In February, New York City Council passed a resolution proposed by Councilwoman Linda Lee to make Diwali a school holiday, but it needed state-level approval.
New York Mayor Eric Adams has supported the legislation, unlike his predecessors, as has Schools Chancellor David Banks.
The New York Legislature also passed a bill to make the Lunar New Year a state-wide school holiday.
Grace Meng, a member of the US House of Representatives, who has introduced a bill to make Diwali a federal holiday, said, “The New York State Legislature’s approval of these two measures is a wonderful reminder and celebration of the great diversity that exists in our state, and underscores how this diversity should be reflected in the holidays observed by our residents”.
In an earlier acknowledgement of the significance of Diwali, New York City suspended in 2006 a parking regulation for Diwali, putting it on par with other religious holidays.
The City Council voted to override a veto by then-Mayor Michael Bloomberg to add the Festival of Lights to the list.
Suspension of the regulation against parking on a certain side of the roads on certain days is to ensure that those celebrating the holiday do not have to move their vehicles amid the festivities.
Extracts from statements made by NY and NYC leaders on passage of the Diwali school holiday for Big Apple public schools :
New York City Mayor Eric Adams: It is long overdue to say to our Hindu, Sikh, Jain, and Buddhist students and communities that, we see you, we acknowledge you. The inclusiveness of this city is extremely significant and this is our opportunity to say that in a loud way. So I thank you Assemblywoman for your tenacity, your vision, your determination. … As the largest school system in the country, New York City schools’ designation of a Diwali holiday will set an example for districts nationwide.
NY Assemblywoman Jenifer Rajkumar: For over 2 decades, the South Asian and Indo-Carribean community has fought for this moment. And tonight I say to you– Nothing can stop a community whose time has come. … Tonight we proudly say that Diwali is not just a holiday—it is an American holiday. And that the South Asian community is part of the American story.
Assemblyman Ed Braunstein said : I would like to commend, congratulate and thank the sponsor [Assemblywoman Rajkumar] for all her hard work on getting this passed. This was an uphill climb from the beginning, but through sheer force of will you’ve brought us to this moment.
Assemblywoman Alicia Hyndman said, To the populations in Queens—especially, particularly Jamaica, Queens where I represent—I am thankful that these children…will be able to be celebrating in this great diverse City and State.

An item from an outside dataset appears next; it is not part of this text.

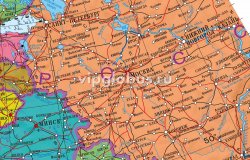 Политический глобус Земли на подставке из дерева, d=64 см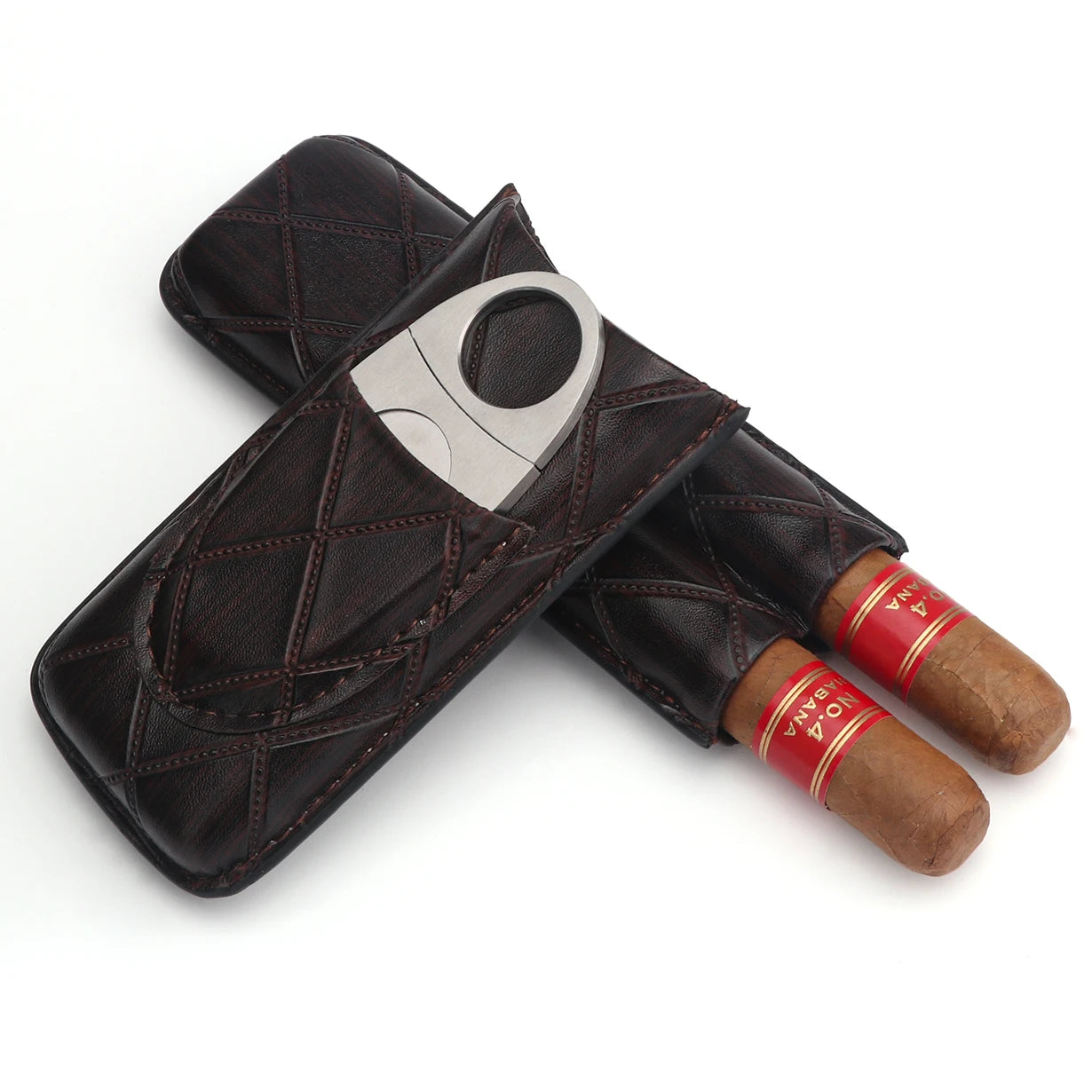 Xifei 2 Slots Leather Cigar Case Set Portable Humidor Box W/ Stainless Steel Cutter Travel Smoking Cigarette Storage Accessories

Assemblywoman Rodneyse Bichotte Hermelyn, Chair of the Brooklyn Democratic Party: I want to congratulate the sponsor [Assemblywoman Rajkumar]. She worked so hard, she hustled, and she got this through. So congratulations to you. Congratulations to all of us in making this a historic moment.”
Assemblywoman MaryJane Shimsky : The population of South Asians in Westchester County has grown a great deal in recent years. One of our school districts, the Ardsley School District, recently made Diwali a holiday for those students, and I suspect that it won’t be long before Diwali…will become statewide.”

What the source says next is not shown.